■ Task item: No image is to be carried over; reproduce the rest of the listing word for word.

■ Data provided:
╔══

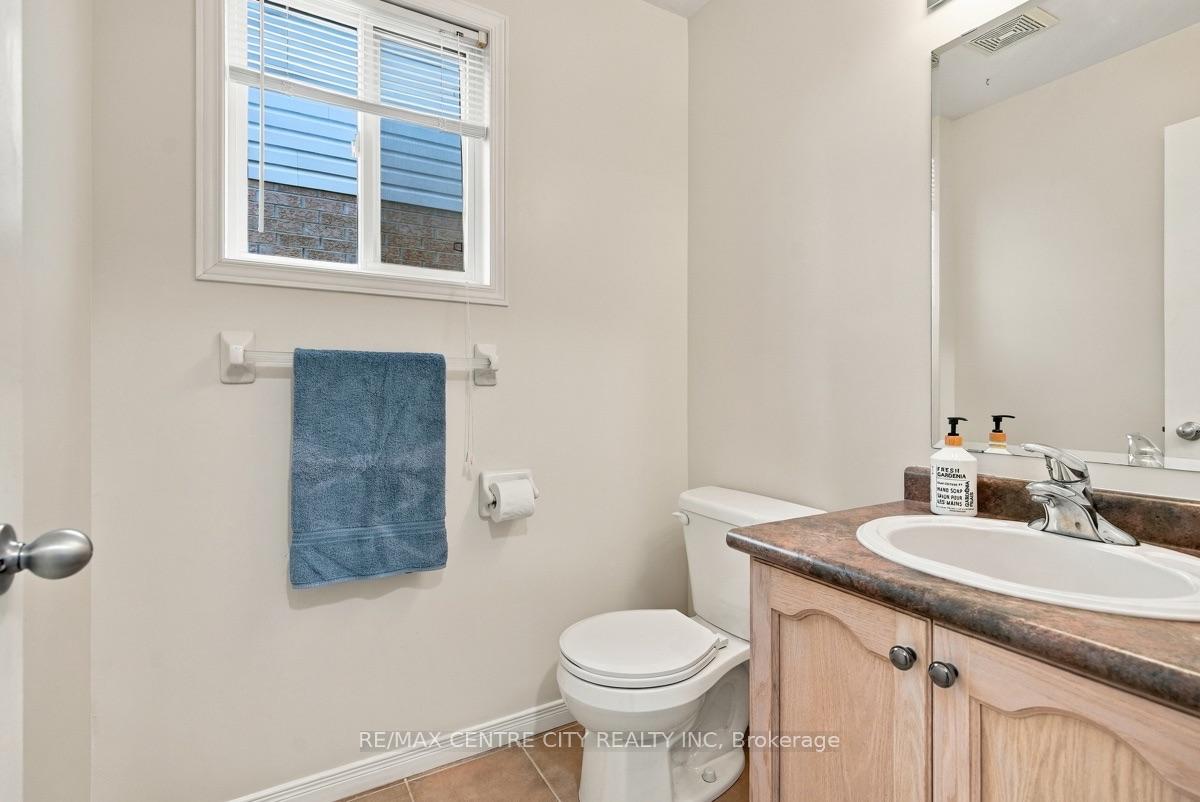 Photo 18 of 847 Whetherfield Street, London, North M — HOMEH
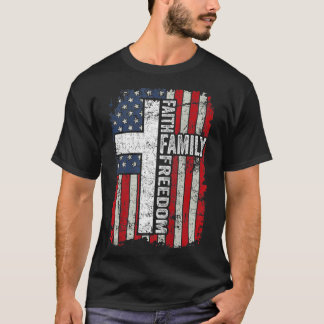 Faith Family Freedom Patriotic US Flag Christlich  T-Shirt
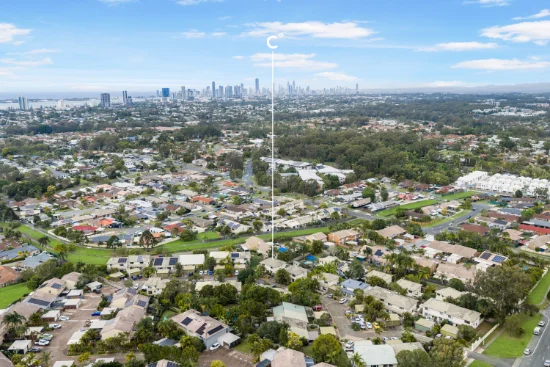 33/71 Olsen Avenue, Labrador, Qld 4215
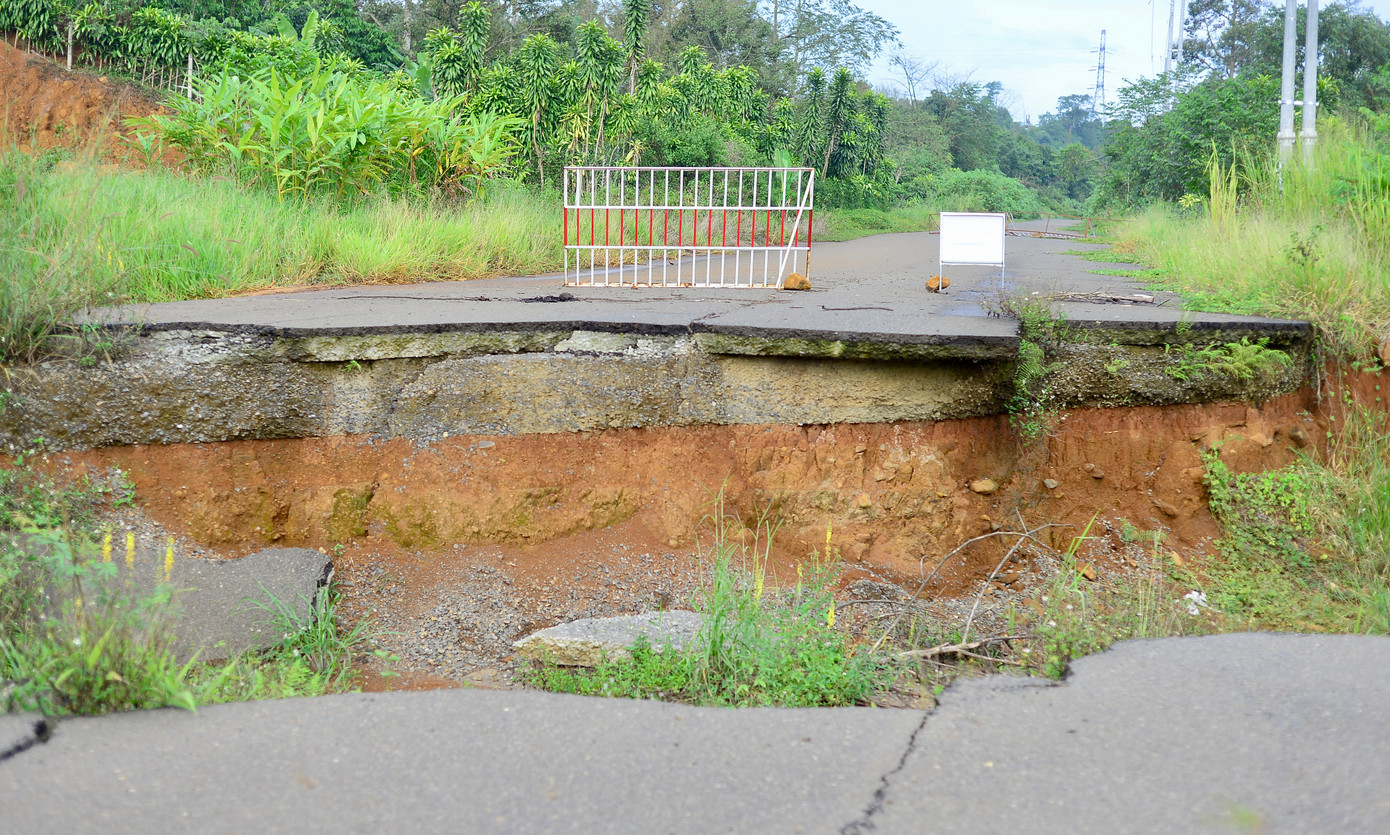 Đơn cử, tại một đoạn đường trên tuyến đường tránh nói trên có vết nứt kéo dài với độ hở lên đến hàng chục cm, nền đường bị chia cắt thành 2 phần tách biệt.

╚══

■ Answer to this exercise:
 Photo 18 of 847 Whetherfield Street, London, North M — HOMEH
 Faith Family Freedom Patriotic US Flag Christlich  T-Shirt
 33/71 Olsen Avenue, Labrador, Qld 4215
 Đơn cử, tại một đoạn đường trên tuyến đường tránh nói trên có vết nứt kéo dài với độ hở lên đến hàng chục cm, nền đường bị chia cắt thành 2 phần tách biệt.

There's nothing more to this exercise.